:: Data shown ::

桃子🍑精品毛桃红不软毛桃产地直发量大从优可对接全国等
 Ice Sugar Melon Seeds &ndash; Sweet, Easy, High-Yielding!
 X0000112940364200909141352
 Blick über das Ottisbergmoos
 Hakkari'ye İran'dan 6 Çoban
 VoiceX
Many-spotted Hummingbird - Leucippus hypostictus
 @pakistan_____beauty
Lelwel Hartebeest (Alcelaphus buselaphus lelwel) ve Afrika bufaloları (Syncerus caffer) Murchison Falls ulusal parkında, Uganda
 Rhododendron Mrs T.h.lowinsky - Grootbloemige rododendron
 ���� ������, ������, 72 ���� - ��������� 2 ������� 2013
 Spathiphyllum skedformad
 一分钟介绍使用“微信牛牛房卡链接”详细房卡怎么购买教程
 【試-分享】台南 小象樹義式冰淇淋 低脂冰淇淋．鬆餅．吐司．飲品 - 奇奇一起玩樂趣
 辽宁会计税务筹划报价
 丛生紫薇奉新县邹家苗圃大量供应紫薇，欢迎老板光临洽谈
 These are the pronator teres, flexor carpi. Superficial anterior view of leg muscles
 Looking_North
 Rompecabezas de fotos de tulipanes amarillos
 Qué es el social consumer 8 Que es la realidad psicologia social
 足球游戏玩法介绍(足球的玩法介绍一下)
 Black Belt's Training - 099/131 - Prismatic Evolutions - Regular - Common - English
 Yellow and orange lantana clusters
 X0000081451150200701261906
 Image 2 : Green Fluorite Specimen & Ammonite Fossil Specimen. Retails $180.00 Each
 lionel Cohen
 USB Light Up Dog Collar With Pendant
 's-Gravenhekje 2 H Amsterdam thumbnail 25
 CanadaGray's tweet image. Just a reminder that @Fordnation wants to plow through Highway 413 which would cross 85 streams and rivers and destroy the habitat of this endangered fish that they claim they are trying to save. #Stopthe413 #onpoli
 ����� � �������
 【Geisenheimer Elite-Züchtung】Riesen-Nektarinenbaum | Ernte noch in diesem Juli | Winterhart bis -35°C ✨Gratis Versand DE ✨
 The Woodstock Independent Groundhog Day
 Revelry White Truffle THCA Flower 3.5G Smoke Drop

:::

### The problem
Write the whole listing out again. Keep every line exactly as it is.

### Answer below
桃子🍑精品毛桃红不软毛桃产地直发量大从优可对接全国等
 Ice Sugar Melon Seeds &ndash; Sweet, Easy, High-Yielding!
 X0000112940364200909141352
 Blick über das Ottisbergmoos
 Hakkari'ye İran'dan 6 Çoban
 VoiceX
Many-spotted Hummingbird - Leucippus hypostictus
 @pakistan_____beauty
Lelwel Hartebeest (Alcelaphus buselaphus lelwel) ve Afrika bufaloları (Syncerus caffer) Murchison Falls ulusal parkında, Uganda
 Rhododendron Mrs T.h.lowinsky - Grootbloemige rododendron
 ���� ������, ������, 72 ���� - ��������� 2 ������� 2013
 Spathiphyllum skedformad
 一分钟介绍使用“微信牛牛房卡链接”详细房卡怎么购买教程
 【試-分享】台南 小象樹義式冰淇淋 低脂冰淇淋．鬆餅．吐司．飲品 - 奇奇一起玩樂趣
 辽宁会计税务筹划报价
 丛生紫薇奉新县邹家苗圃大量供应紫薇，欢迎老板光临洽谈
 These are the pronator teres, flexor carpi. Superficial anterior view of leg muscles
 Looking_North
 Rompecabezas de fotos de tulipanes amarillos
 Qué es el social consumer 8 Que es la realidad psicologia social
 足球游戏玩法介绍(足球的玩法介绍一下)
 Black Belt's Training - 099/131 - Prismatic Evolutions - Regular - Common - English
 Yellow and orange lantana clusters
 X0000081451150200701261906
 Image 2 : Green Fluorite Specimen & Ammonite Fossil Specimen. Retails $180.00 Each
 lionel Cohen
 USB Light Up Dog Collar With Pendant
 's-Gravenhekje 2 H Amsterdam thumbnail 25
 CanadaGray's tweet image. Just a reminder that @Fordnation wants to plow through Highway 413 which would cross 85 streams and rivers and destroy the habitat of this endangered fish that they claim they are trying to save. #Stopthe413 #onpoli
 ����� � �������
 【Geisenheimer Elite-Züchtung】Riesen-Nektarinenbaum | Ernte noch in diesem Juli | Winterhart bis -35°C ✨Gratis Versand DE ✨
 The Woodstock Independent Groundhog Day
 Revelry White Truffle THCA Flower 3.5G Smoke Drop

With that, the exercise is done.